Su questo non previsto sviluppo ha scritto ora una lucida, ben calibrata e accurata analisi la studiosa bolognese Diletta Tega. Allontanandosi dalla tradizione costituzionale del commento, Tega mette in prospettiva storica fenomeni singolarmente molto discussi, ma mai esaminati insieme e mai messi nel contesto della fase storica che stiamo vivendo. Mi riferisco al sindacato sulle leggi elettorali, alla disciplina degli effetti nel tempo delle sentenze, al sindacato sulle fonti secondarie, all’accettazione del ricorso di singoli parlamentari, ai passi avanti in materia di autodichia, all’introduzione dell’istituto degli “amici curiae”, al minore ricorso alle inammissibilità, al controllo della intrinseca irragionevolezza delle leggi, al controllo di costituzionalità di norme che sono anche sospette di illegittimità comunitaria, all’estensione del controllo di costituzionalità delle leggi che invadono le competenze delle regioni.

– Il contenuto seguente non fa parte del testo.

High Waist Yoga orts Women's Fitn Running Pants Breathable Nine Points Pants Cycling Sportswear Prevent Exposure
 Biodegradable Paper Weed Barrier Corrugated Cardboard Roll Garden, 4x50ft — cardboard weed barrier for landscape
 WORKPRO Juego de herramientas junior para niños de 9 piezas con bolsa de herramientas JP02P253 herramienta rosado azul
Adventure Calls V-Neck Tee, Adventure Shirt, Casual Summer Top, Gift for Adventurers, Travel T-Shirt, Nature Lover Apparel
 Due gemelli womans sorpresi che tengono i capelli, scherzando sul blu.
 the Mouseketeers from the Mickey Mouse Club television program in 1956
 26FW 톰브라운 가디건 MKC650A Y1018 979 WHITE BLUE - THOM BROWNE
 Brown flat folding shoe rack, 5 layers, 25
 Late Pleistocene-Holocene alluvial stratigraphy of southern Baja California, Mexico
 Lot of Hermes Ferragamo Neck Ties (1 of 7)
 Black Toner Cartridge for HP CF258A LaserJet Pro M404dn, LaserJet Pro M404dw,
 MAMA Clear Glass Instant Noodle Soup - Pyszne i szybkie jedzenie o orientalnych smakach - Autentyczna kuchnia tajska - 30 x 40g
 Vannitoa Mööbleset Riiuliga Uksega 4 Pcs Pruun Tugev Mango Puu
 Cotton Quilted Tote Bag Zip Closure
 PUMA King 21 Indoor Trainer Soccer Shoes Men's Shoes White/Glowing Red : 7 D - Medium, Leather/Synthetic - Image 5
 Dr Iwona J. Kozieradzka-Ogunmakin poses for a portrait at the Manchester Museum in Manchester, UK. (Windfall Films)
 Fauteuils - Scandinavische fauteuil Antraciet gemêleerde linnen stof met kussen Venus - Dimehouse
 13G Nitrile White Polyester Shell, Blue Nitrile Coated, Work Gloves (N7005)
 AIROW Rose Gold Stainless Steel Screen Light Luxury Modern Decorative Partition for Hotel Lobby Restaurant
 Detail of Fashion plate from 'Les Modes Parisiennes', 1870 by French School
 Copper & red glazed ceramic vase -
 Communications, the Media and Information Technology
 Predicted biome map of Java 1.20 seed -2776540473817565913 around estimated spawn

Questa espansione del controllo di costituzionalità – afferma Tega – si deve a fattori di natura varia: disinteresse del legislatore per il seguito delle sentenze, disordine legislativo, crisi del controllo incidentale, espansione dell’attività delle corti sopranazionali.
Fondato sull’analisi di sentenze, dichiarazioni dei presidenti e dei giudici, relazioni a seminari della Corte, comunicati stampa, questa analisi, limpida nelle partizioni, è anche il frutto dell’attività svolta all’interno della Corte dall’autrice, come “assistente”, negli anni 2011- 2014. Ne risulta finalmente uno studio non sull’asettico diritto, ma su un diritto immerso nella storia (anzi, tra le pagine 65 e 94, si può leggere una ministoria della Corte e di come ha conquistato, difeso e allargato la sua legittimazione, sempre in bilico tra il fare troppo e troppo poco).
Questo libro, che attraversa coraggiosamente un campo tanto arato dai commentatori, ma lo presenta finalmente in una sintesi dotata di una robusta chiave storica, non piacerà certamente a coloro per i quali i protagonisti del sistema costituzionale farebbero bene a porsi “al riparo”, come se non fossero essi stessi il riparo, ripropone il perenne interrogativo della giustizia costituzionale: quanto avanti deve essa andare nel controllare la legislazione e il funzionamento dell’intero sistema costituzionale, senza sconfinare nel governo dei giudici.
Qui sta la saggezza dei giudici, nel non superare quella sottile linea d’ombra, ma anche nel non rimanere prigionieri dei precedenti (se questi bastassero, non basterebbe interrogarli attraverso una macchina, come si fa in certe corti americane, facendo a meno della Corte?). È certo una singolarità del nostro sistema costituzionale la circostanza che il presidente della Repubblica debba ricordare al Parlamento i principi fissati dalla giurisprudenza costituzionale, come se la Corte non avesse una sua propria voce.